In 1391 Savelli was back in Siena to take over command of the city, which in March of the same year had accepted Milanese rule. He was not very successful in stopping Florentine raids in the area. In 1392 he joined the army of the Visconti commander Jacopo Del Verme, and fought in the Battle of Soncino.

In 1394, Savelli returned to Rome, where he allied himself with Giovanni Colonna, the lord of Palestrina. On 24 July 1394 the two men tried to stage a coup by riding to the Capitoline Hill, but the attempt failed to gain any support.

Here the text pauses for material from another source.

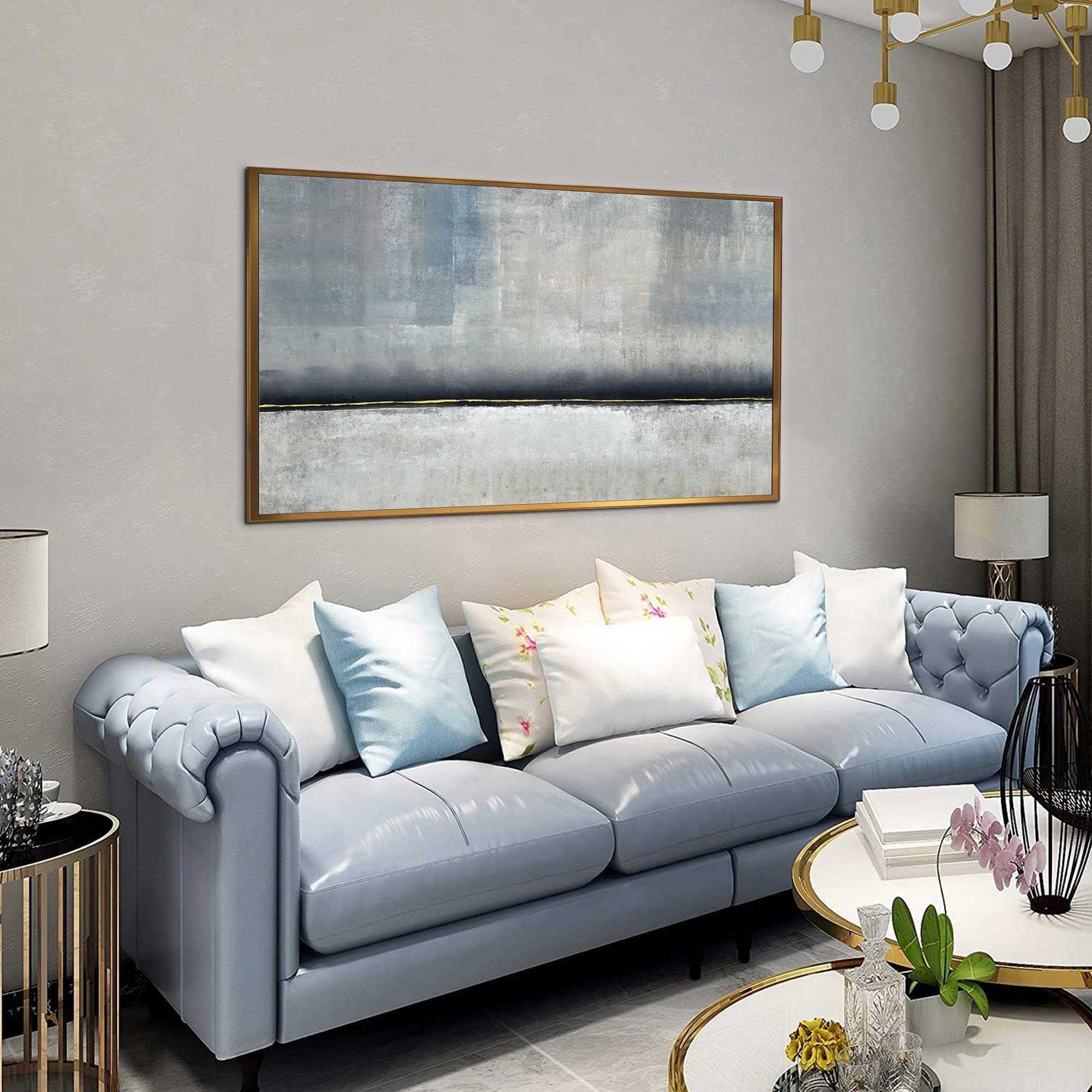 Stillness - Abstract art category - blue sofa living room background - gold metal frame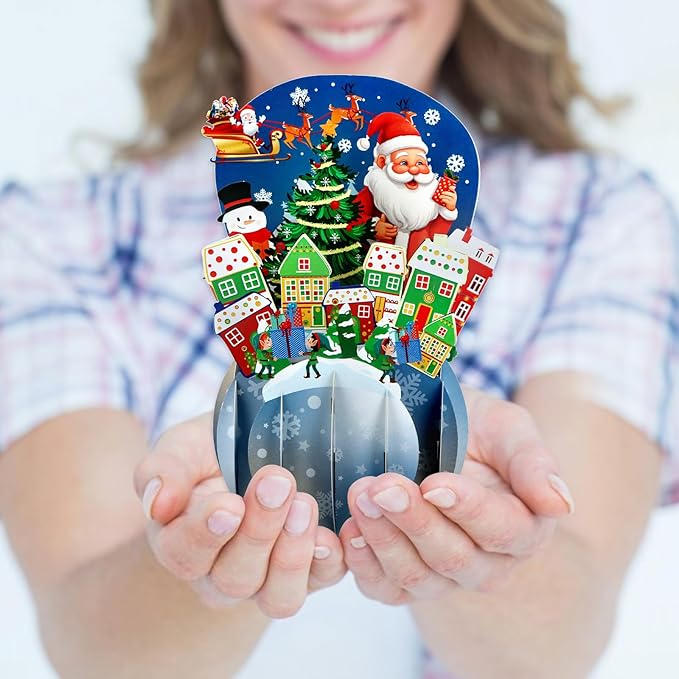 FaCraft Pop Up Christmas Card - with Envelope and Seal, Handmade 3D Merry Christmas Gift for Winter, Holidays, New Year (Santa, Gnome Town)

In September 1395 he attended the ceremony of investiture of Gian Galeazzo Visconti as Duke of Milan and imperial vicar. In 1396–97, along with other Visconti commanders, he was again active in Tuscany in the conflict against Florence (although war was not officially declared until 18 March 1397) and in propping up the pro-Visconti regime in Pisa. In summer 1397 he participated in the attempt to capture Mantua, and fought in the unsuccessful Battle of Governolo in August, before returning to Siena in autumn to resume the expeditions against Florence and to support Jacopo d'Appiano, the lord of Pisa. Nevertheless, in January–February 1398 he was arrested by d'Appiano, after Visconti agents tried to have the fortresses of Pisa and other Tuscan cities handed over.

In June 1402 he played a major role in the Visconti victory in the Battle of Casalecchio against Giovanni I Bentivoglio, the lord of Bologna and close ally of Florence. Following the death of Gian Galeazzo Visconti in September, Savelli entered the regency council under the duchess dowager, Caterina Visconti, but he clashed with the other members and left it soon after. In May 1403 he participated in the defence of Bologna against Florentine and Papal troops, and remained in the city after the conclusion of the Peace of Caledio in August 1403, supporting the local faction of the Maltraversi. In the same autumn, he fought in the suppression of the uprising of Asola.

===In Venetian service===
In April 1404, Savelli entered the service of the Republic of Venice, which at that time was mobilizing its forces for a conflict with the Lordship of Padua.

His record during the war was mixed: he was defeated by the Paduans at Gambarare in summer, and again at Limena on 25 September, where he fought in person against the Lord of Padua, Francesco Novello. Nevertheless, his standing with Venice did not suffer, and shortly after he was appointed captain-general of the Venetian forces in succession to Malatesta IV Malatesta.

In late autumn, after feinting retreat, he bypassed the Paduan fortifications, crossed the Brenta River, and with his forces pillaged the rich region around Piove di Sacco, before returning to winter in Venetian territory. The Republic ordered public celebrations and doubled his salary as a result. During the following months, he avoided conflict and tried to bribe the Paduan army commanders, with some success. In May 1405 he captured the strategic fortress of Castelcaro Basso, and penetrated into the system of canals surrounding Padua.

After capturing Bassanello, southwest of Padua, in July, he set up his camp there, and began the siege of the city itself. He was attacked and driven from his positions by the Paduans on 25 August. A short truce followed, in which Savelli participated in the negotiations with Francesco Novello, without success. When the fighting resumed, he fell ill with the plague and died on 3 October 1405.

===Death and burial===
His body was brought to Venice for a funeral on 15 October, and he was buried in the church of Santa Maria Gloriosa dei Frari in a tomb featuring an equestrian statue of him, in his full habit as captain-general, attributed to Iacopo della Quercia.